Car voilà, il y a un invité surprise : les légendaires "blancs" de l'écrivain, ses délicieux bafouillements, traduction verbale de son errance inspirée. Pujadas les connait. Comme tout le monde il a le souvenir des émissions de Pivot, il sait qu'il va devoir les gérer avec souplesse et fermeté. On peut certes laisser divaguer un peu le bestiau dans les trois minutes imparties, c'est la fin du journal et un peu de zapping ne sera pas dramatique, mais tout de même. L'exercice d'exhibition de l'humble génie solitaire et vaguement foutraque est donc balisé par une sorte de clôture électrique à faible voltage.

"Est-ce que c'est un jour de grand bonheur pour vous ce Nobel ?" "Oui c'est à dire que ça a a d'abord été une surprise, je ne m'y attendais pas du tout. Voilà tout se remet en place on s'acc...et ça vous..." Première décharge pujadienne : "On réalise. Est-ce que c'est un aboutissement ?" "Oui on réalise. Euh. Ben c'est à dire un aboutissement, c'est à dire, parce que vous savez que vous allez, euh, peut-être encore continuer d'écrire, tout ça, mais c'est, euh, une sorte d'encouragement parce que l'écriture est une activité tellement solitaire qu'on finit par ne plus, euh (...) Comme un somnanbule qu'on réveille et qui s'aperçoit quand même que, oui, quand même, oui, que vous communiquez quelque chose et..." Deuxième décharge :"...Vous êtes le Proust d'aujourd'hui..." "...et pas simplement..." , "...a dit l'Académie Nobel, ça vous touche ?" "...Oui, enfin ça me touche beaucoup, mais en fait je sais pas, euh, j'ai jamais, oui ça me touche, mais..." Mais non.
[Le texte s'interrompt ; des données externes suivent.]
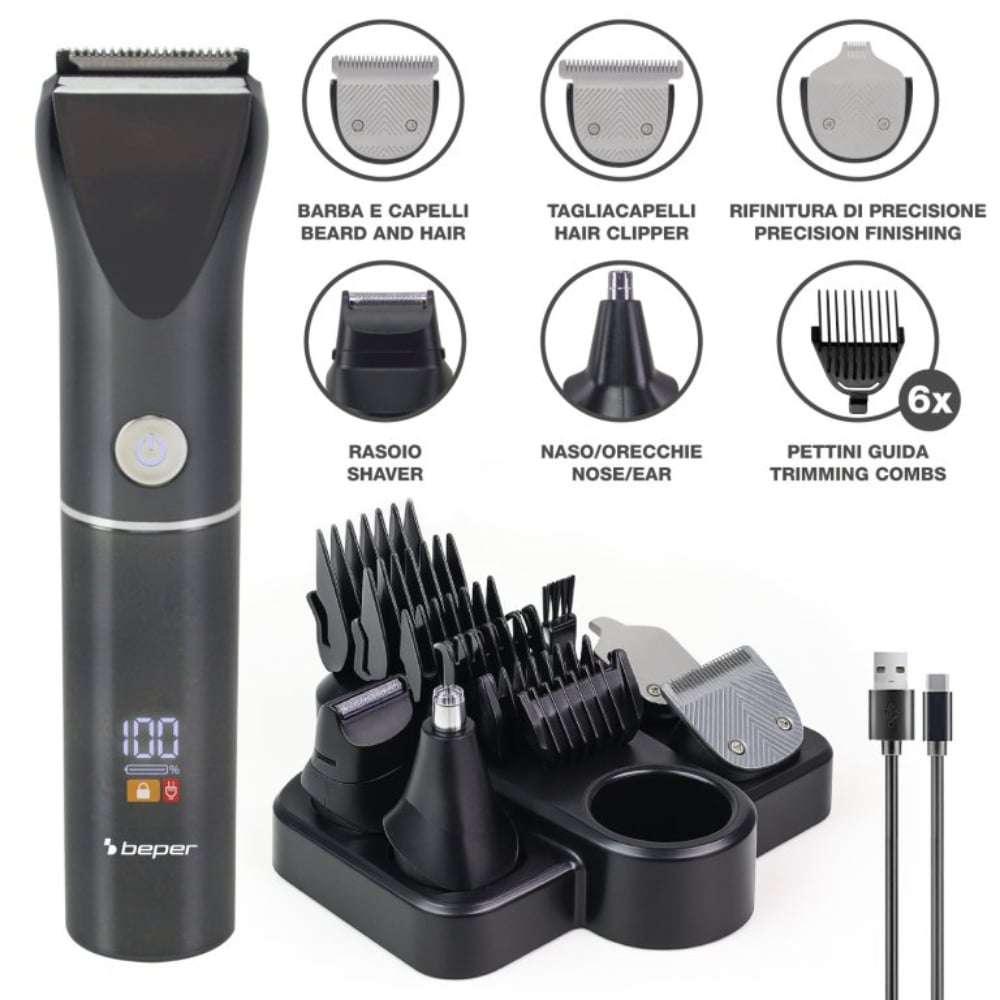 Beper Trimmer Set For Face, Hair and Body - TrimX 12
C'est déjà fini. Il est temps d'amorcer le chemin de l'étable : "Pardon d'être un peu matériel, mais le prix est doté de 880 000 euros, votre vie va changer ?" "Euh c'est à dire que oui évidemment, vous voyez un peu les choses s'éclaircir, mais en fait c'est toujours le même, euh, il faut continuer à écrire, c'est toujours le même problème qui se pose quand il faut commencer un livre, la vie continue..." "Merci beaucoup Patrick Modiano, et encore bravo pour ce prix Nobel". Il ne s'agissait pas de l'interroger, mais de le donner à voir, de faire entendre pour confirmation au grand public rêveur du Salon de la Littérature le légendaire meuglement mélancolique. Contrat rempli.